Seit spätestens dieser Erfahrung empfinde ich dieses Mindset als unglaublich hilfreich und ich bemühe mich, den Zugang zu ihm zu verbessern. Seit her ist Gotos in Form des imaginären Freundes wieder deutlich präsenter für mich.

Aber Gotos ist nicht der einzige Copingmechanismus in dieser Richtung. Wer mir auf Twitter folgt oder meine Streams schaut, kennt meine Flauschi – ein Rotpanda-Plüschtier. Flauschi ist eine Art Maskottchen meiner Streams geworden. Sie sitzt grundsätzlich so auf meinem Mikro, dass sie in jedem Stream zu sehen ist. Tatsächlich hat sie sogar einen eigenen Twitteraccount, bloggt seit Kurzem selbst ein wenig und vor Allem hilft sie mit, in meinem Stream-Chat zu moderieren. Natürlich kann ein Plüschtier das alles nicht wirklich – den Twitteraccount und Blog schreibe ich aus ihrer Sicht, im Chat arbeitet eine Bot-Software im Hintergrund unter ihrem Namen, aber meine Community hat sie schon seit langem als eigene Persönlichkeit anerkannt und zieht voll und ganz mit, wenn ich behaupte, Flauschi sei eine eigene Person und mache das alles selbst.

Tatsache ist: Auch sie ist eine imaginäre Freundin von mir. Eine, die einen sehr, sehr ausgeprägten Charakter hat, gerade auch, weil sie in meinen Streams und auf Twitter dabei ist und sie einfach auch von anderen Leuten involviert wird. Sie ist so etwas wie meine kindliche Seite. Aber auch sie ist ein Copingmechanismus. Während sie, wenn es mir gut geht, eine aufmerksame, aber auch aufgedrehte und neugierige Persönlichkeit besitzt, so ist sie, wenn es mir schlecht geht, ein Ruhepol und jemand, an den ich mich kuscheln kann – auch wenn sie ziemlich klein ist. Das ist auch der Grund, warum viele Leute glauben, ich habe sie seit meiner Geburt – sie sieht mittlerweile ziemlich durchgeflauscht aus, obwohl ich sie erst 1,5 Jahre bei mir habe.

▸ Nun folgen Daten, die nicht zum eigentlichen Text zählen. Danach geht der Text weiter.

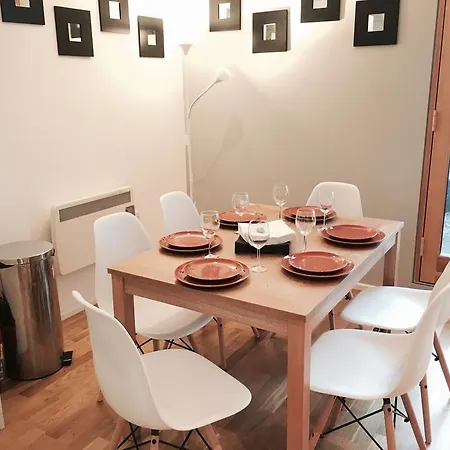 2 Bed Cozy Apartment In Euston Station Free Wifi *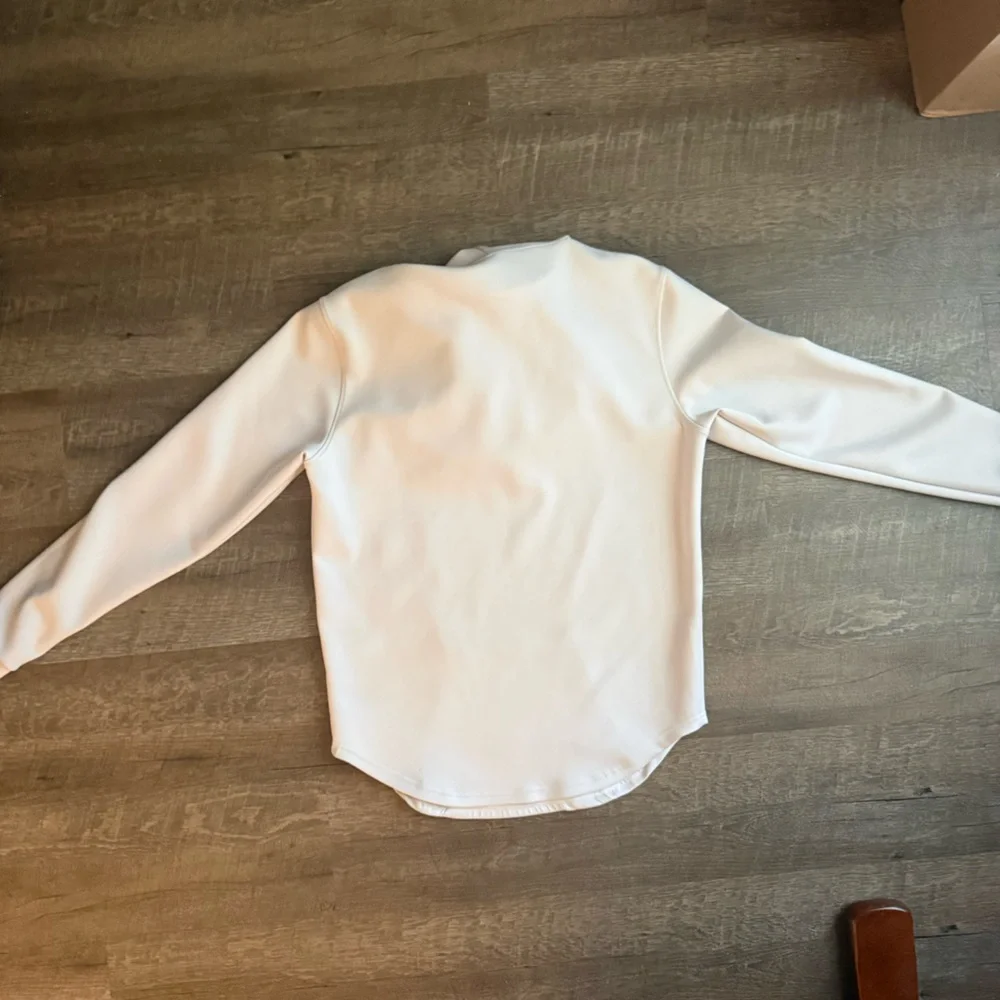Men’s white Legends performance hoodie, size large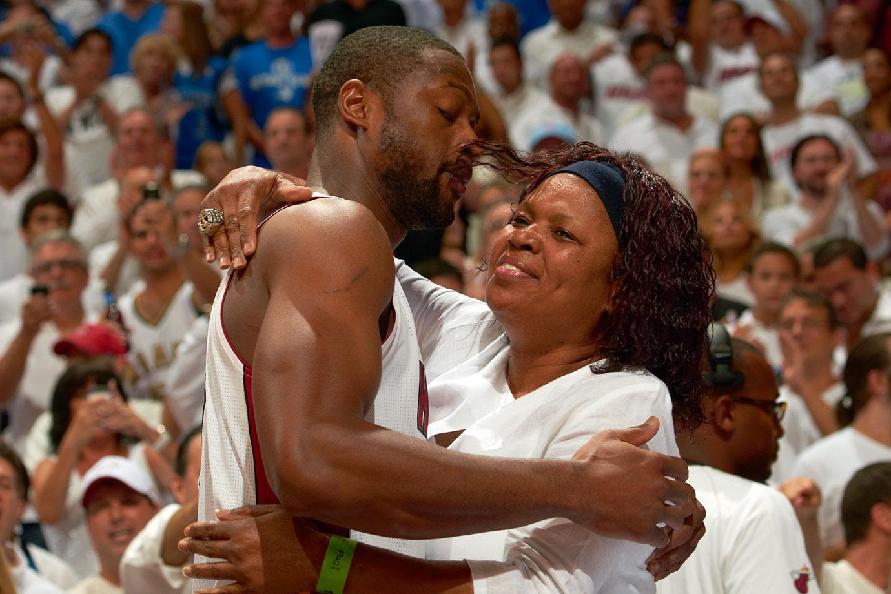 苏亚雷斯：感谢俱乐部的支持和帮助，希望亚泰能尽快回到中超（苏亚雷斯致谢俱乐部：盼亚泰早日重返中超）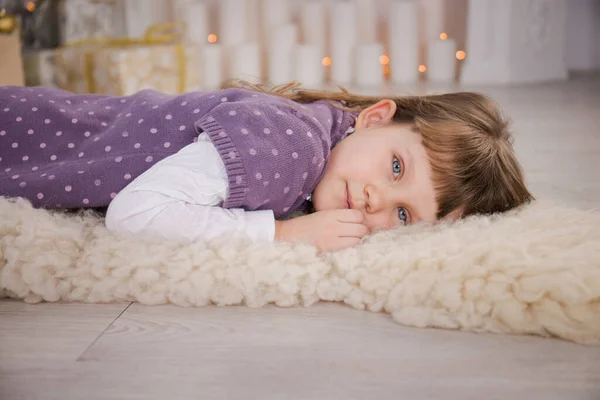 Милая Маленькая Девочка Лежит Камина Меховом Одеяле — стоковое фото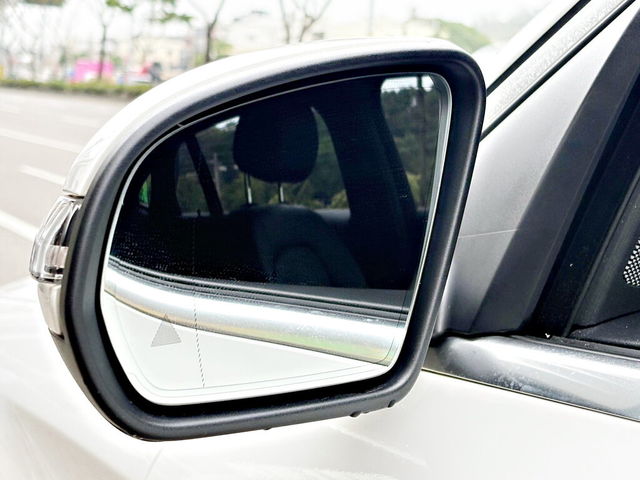 M-BENZ賓士 GLC300 AMG COUPE  第5張相片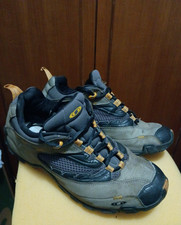 scarpe Salomon usate, misura 41, alcuni segni dovuti all'uso ( vedi foto ).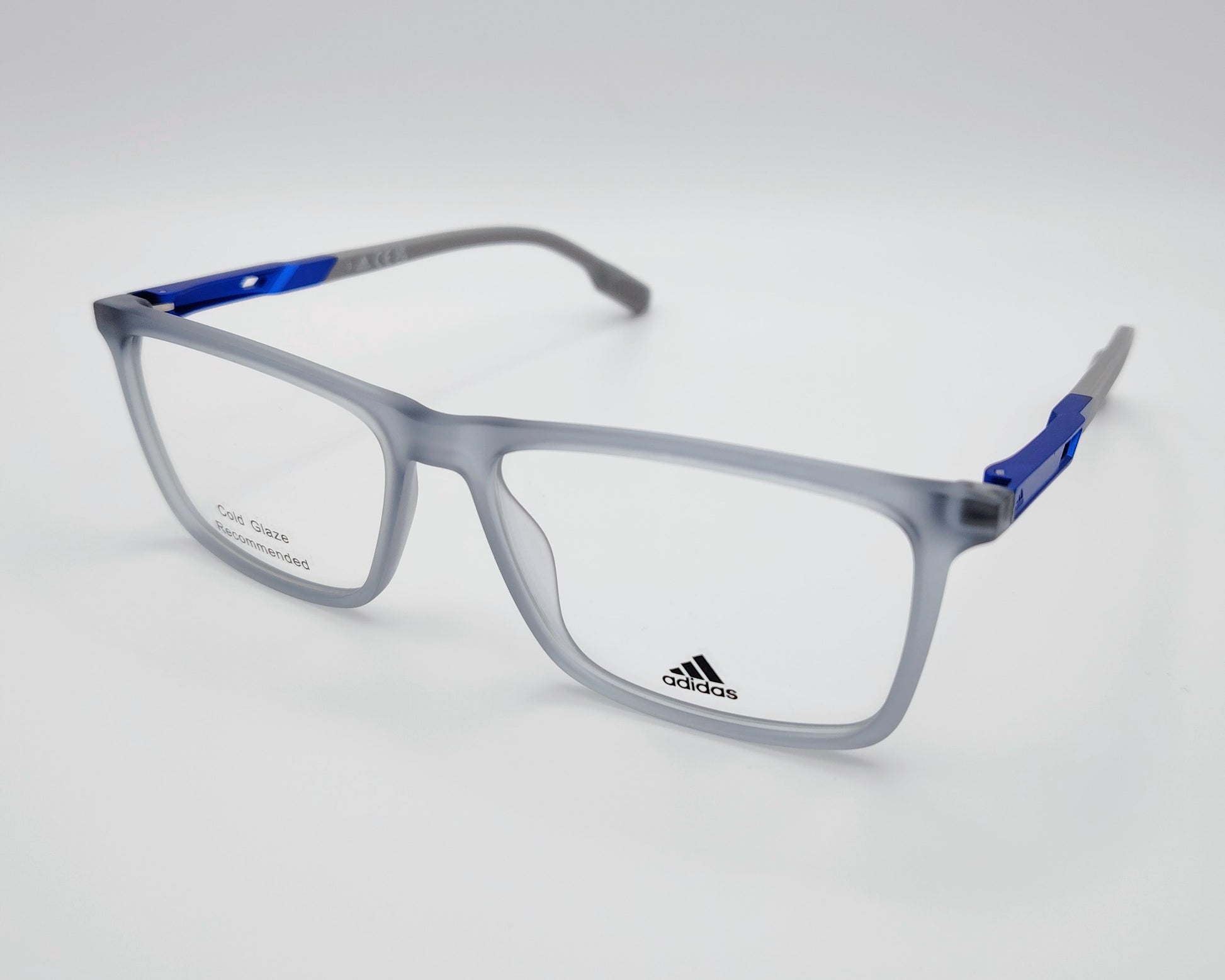 adidas sp5070 020 gafas graduadas de forma rectangular con montura en gris translúcido y detalles en azul diseño ligero y moderno con un estilo deportivo ideal para el uso diario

Beide, Gotos und Flauschi, sind für mich ziemlich wichtige Selbstschutzmechanismen, aber auch deutlich mehr. Ich hab längst akzeptiert, dass sie eben auch imaginäre Freunde sind, die ich sogar ein Stück weit mit anderen Menschen, die dafür offen sind, teilen kann. Ich versuche nicht, mir “abzugewöhnen”, sie als existent zu behandeln. Mir ist bewusst, dass sie es nicht sind, aber wenn ich nicht nur Freude dran hab, sie so zu behandeln, warum sollte das ein Problem sein? Zumal sie mir ja sogar gut tun.

Ich hab lange Zeit die Sorge gehabt, wenn ich über diese beiden sprechen würde, würden Leute mir Schizophrenie oder, gerade im Falle von Gotos, eine multiple Persönlichkeit unterstellen, aber das sind sie nicht. Sie sind so etwas wie imaginäre Freunde und Copingmechanismen, aber mehr nicht. Sie sind für mich eine Stütze, keine Last. Es hat aber dennoch lange gedauert, bis ich mich getraut habe, so offen drüber zu sprechen. Ich habe erst andere Menschen kennen lernen müssen, die auch imaginäre Freunde oder ähnliche Copingmechanismen haben, bevor ich mich das getraut hab. An dieser Stelle danke an euch! Ihr wisst, wer ihr seid.

Ich hoffe, dass dieser Artikel vielleicht ein paar Menschen hilft, die ähnliche Copingmechanismen oder imaginäre Freunde haben, diese etwas besser zu akzeptieren. Es ist nichts verwerfliches oder schlimmes, im Gegenteil kann es eine Bereicherung sein!